My only beef was the fact that of the range of great bitters that Jamie serves, he doesn’t currently have any Hepworths… I can see I’ll have to work on him!

Anyway, it will come as small surprise that the 7.30am gathering this morning was slightly more muted than normal!  But it was a beautiful, brisk morning and it didn’t take us too long to get over the edge of tiredness.  Once again it was a real pleasure running with Daren (his being slightly less fit than normal) as the pace was gloriously manageable and we could all chat contentedly without running out of steam.  The Bok would shoot off every so often like a springer spaniel, egging us to join in the fun, but was eventually reigned in to enjoy the gentle run & conversation.

We headed out to the Royal Oak and round the back of the (fast becoming monstrous) St Georges Retreat, out to Hundred Acre Lane, back across to Wellhouse Lane and returned alongside the railway.  The going was firm with muddy interludes and I managed to get called rude names when I, er… missed my step and splashed in a puddle.  Twice.  I felt particularly triumphant that Nick’s trainers looked as if they had actually seen some countryside!  Mine, of course, were still dirty from last autumn and were once again dripping with mud by the time we got back: so no change there then.

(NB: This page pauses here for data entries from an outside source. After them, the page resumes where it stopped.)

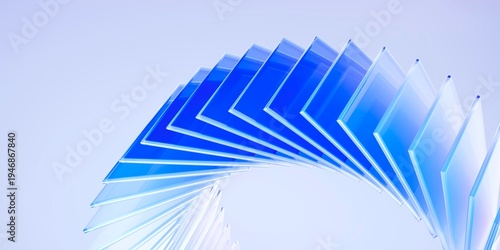 Obraz na płótnie Abstract 3d render background, blue translucent glass plates arranged in a geometric spiral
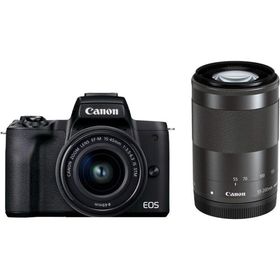 新品 Canon ミラーレス一眼カメラ EOS Kiss M2 ダブルズームキット ブラック KISSM2BK-WZK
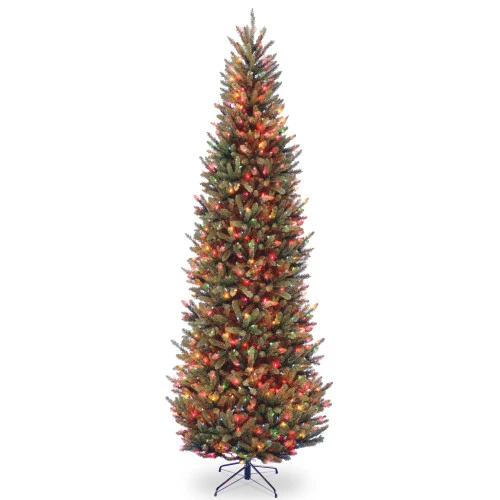 Christmas Central 9' Pre-Lit Slim Natural Fraser Fir Artificial Christmas Tree, Multicolor Lights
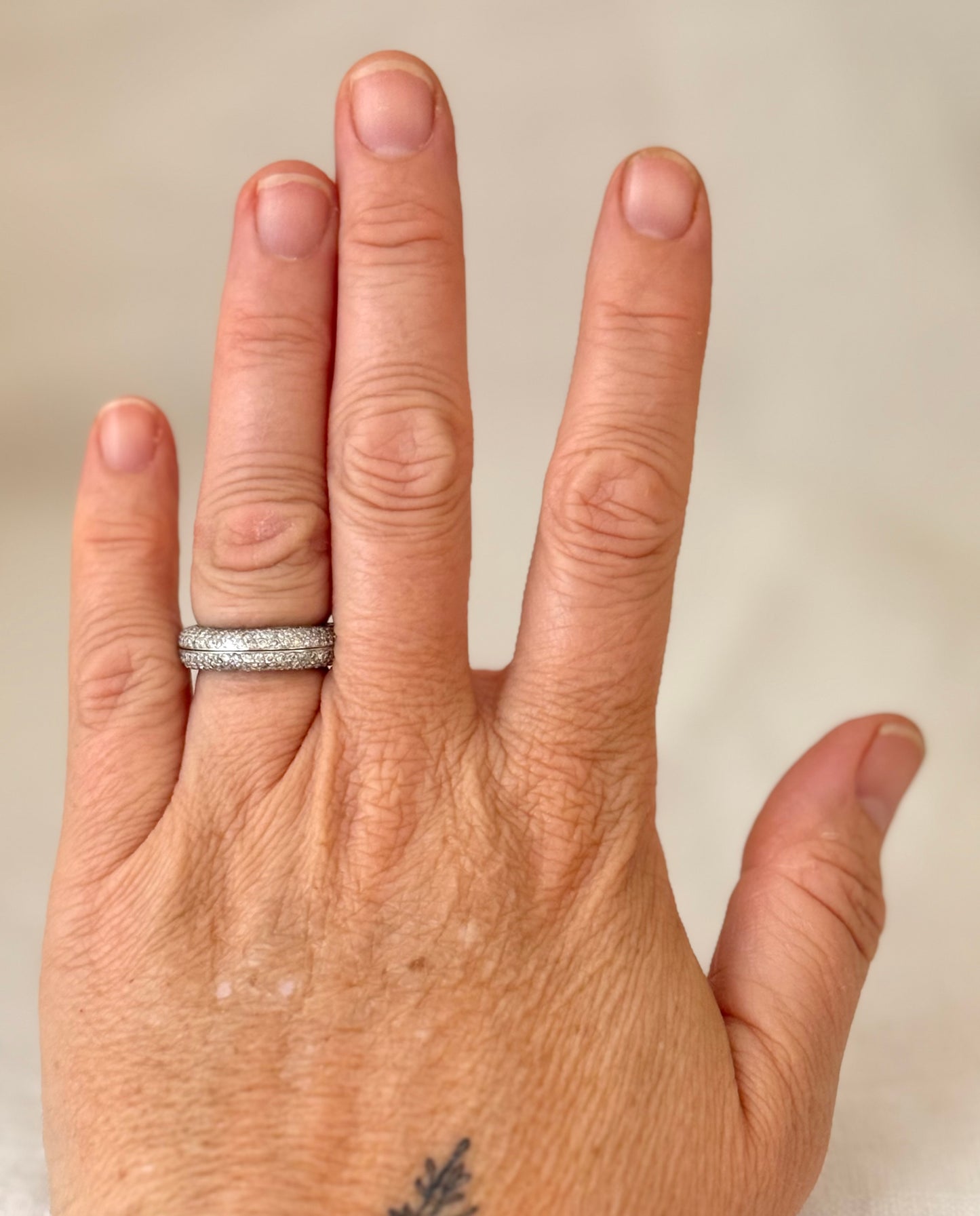 .18ct white gold 260 diamond domed 3 row Micropavé double ring band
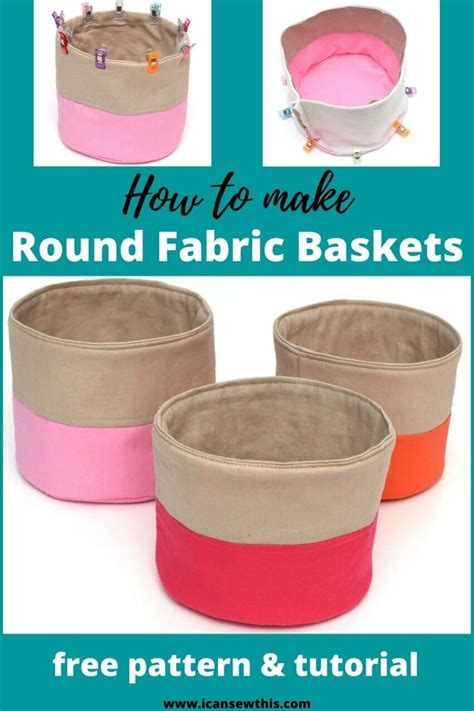 Image result for Round Fabric Baskets Tutorial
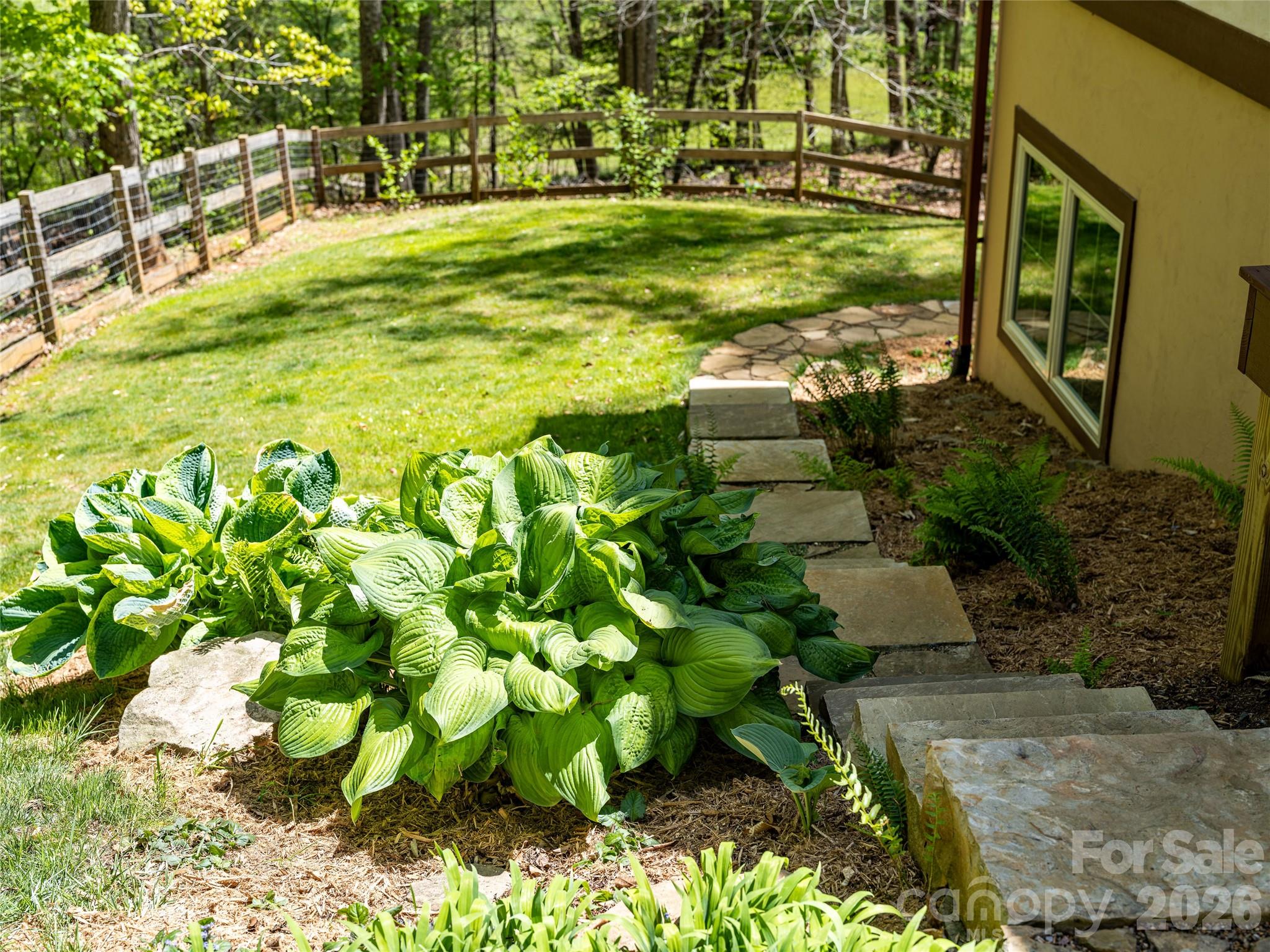 Stone steps to back yard area - 446 Amanda Drive, Mars Hill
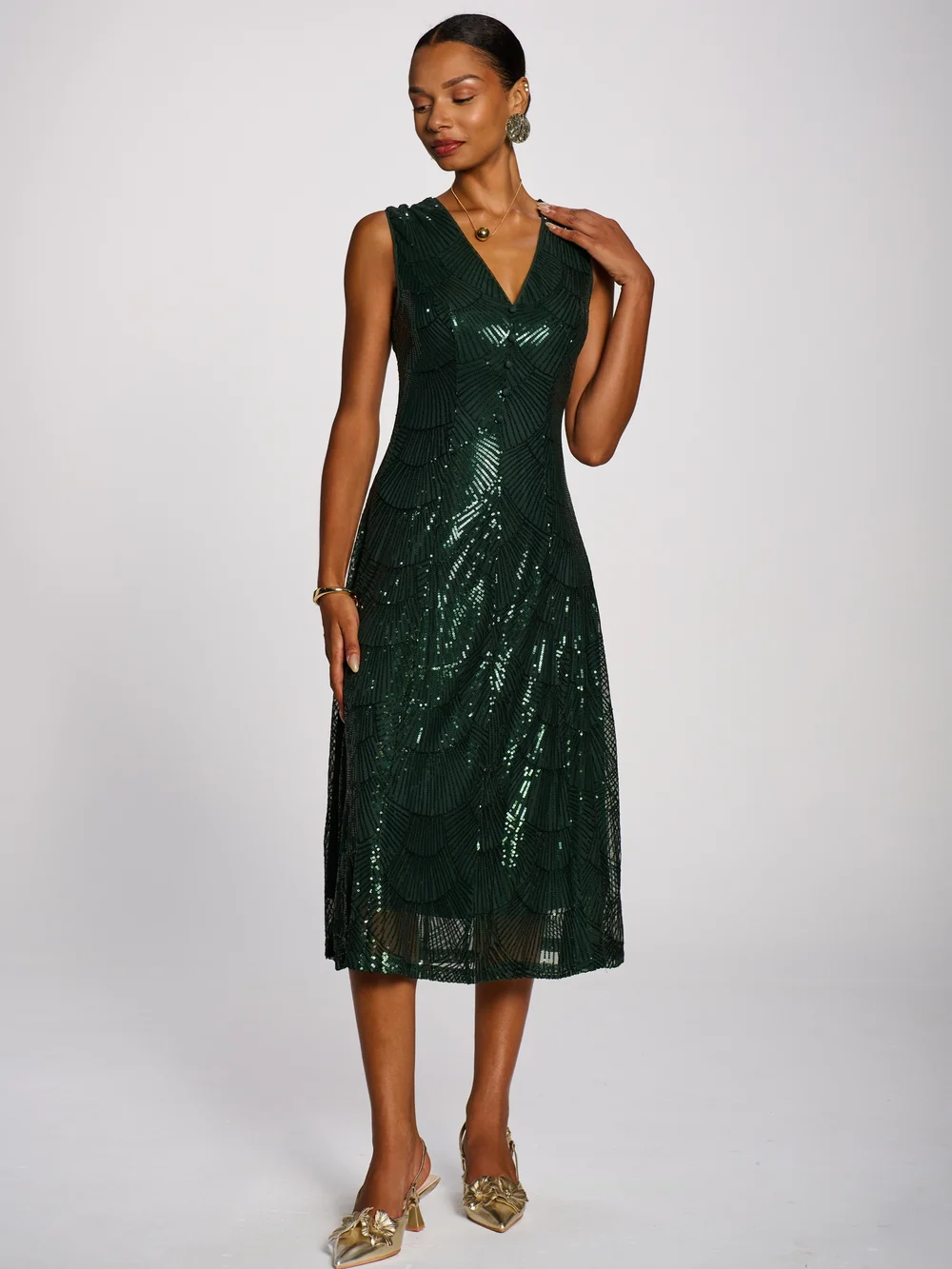 Jolie Moi Dark Green Patterned Sequin V-Neckline Midi Dress - 12 Image 3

We ran for one hour twelve minutes, covered 7.25 miles at an average speed of just over 6mph and used sufficient of the calorie intake from last night to be able to woof down half-a-loaf-of-bread’s worth of toast with honey & peanut butter.

Transmogrification

After working on a project late into the night, the alarm seemed to go off all too soon this morning but though it was still dark, I alighted from the bed with a spring in my still-stiff-from-the-last-run legs and got the coffee pot on.  It’s amazing how much easier it is to run (or motivate yourself to do many other things) when there are two or more of you.

Nick duly arrived and we headed out into the grey morning, which was not as cold as I had anticipated.  He was after a short run so we looped across the Common as far as the industrial estate, but on the way back the Bok in him decided 35 minutes was too short so we continued on into Wivelsfield and came back via Ote Hall.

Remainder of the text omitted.